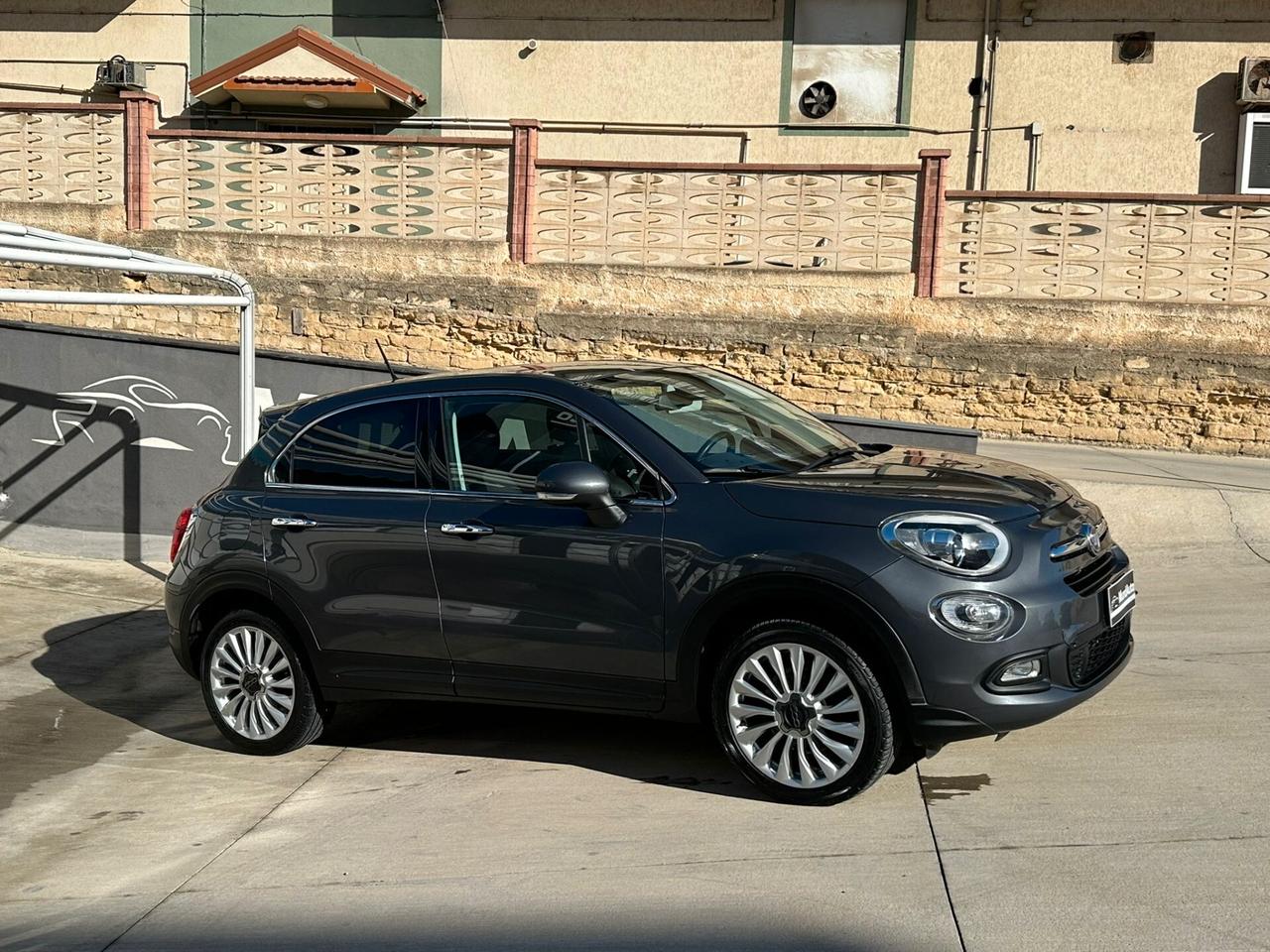 Fiat 500X 1.6 MultiJet 120 CV Lounge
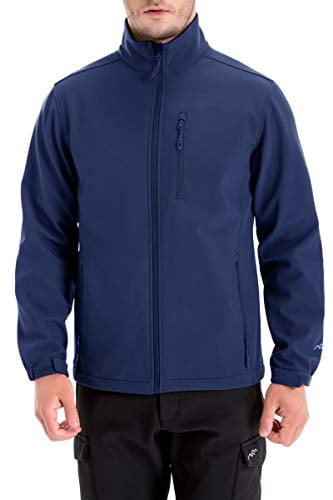 TRAILSIDE SUPPLY CO. Mens Softshell 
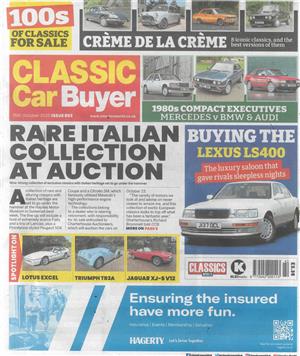 Classic Car Buyer - 15/10/2025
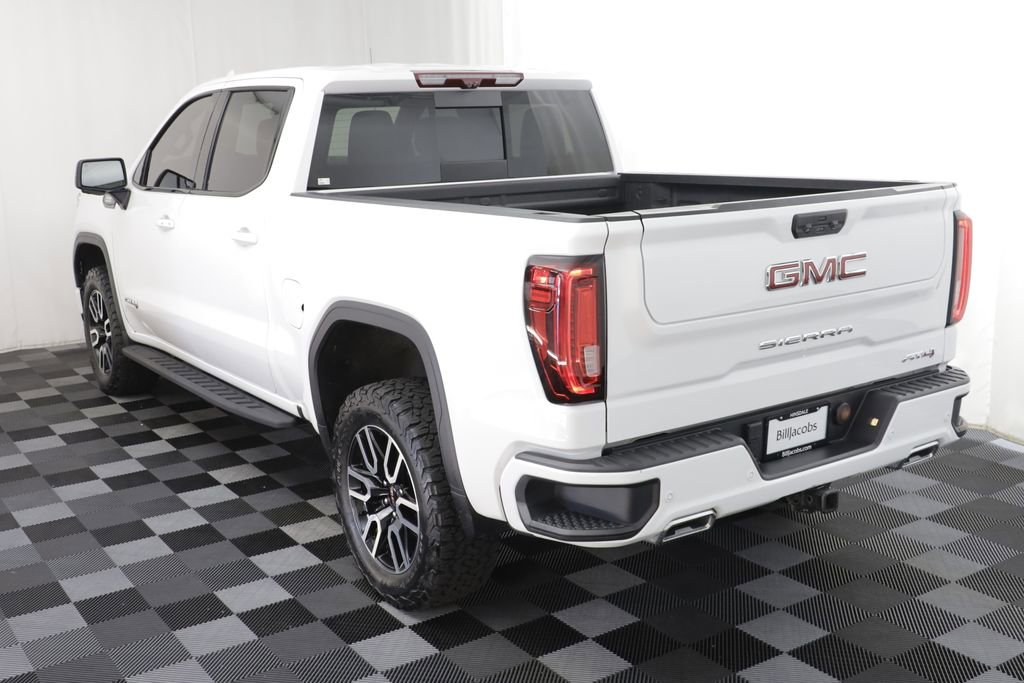 Used 2023 GMC Sierra 1500 AT4 w/ Technology Package image 18
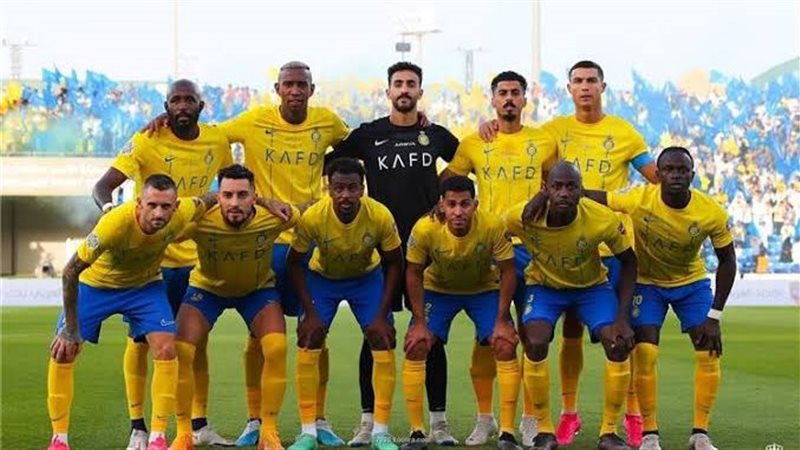 النصر، فيتو 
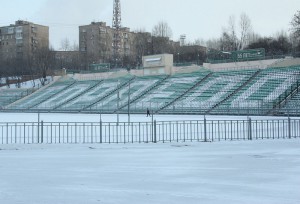Секции на стадионе «Торпедо» будут работать во время ремонта арены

### HOW TO COMPLETE THIS TASK:
Every record is to be repeated exactly, and no picture is carried over.

### TASK RESPONSE:
 Fiat 500X 1.6 MultiJet 120 CV Lounge
 TRAILSIDE SUPPLY CO. Mens Softshell 
 Classic Car Buyer - 15/10/2025
 Used 2023 GMC Sierra 1500 AT4 w/ Technology Package image 18
 النصر، فيتو 
Секции на стадионе «Торпедо» будут работать во время ремонта арены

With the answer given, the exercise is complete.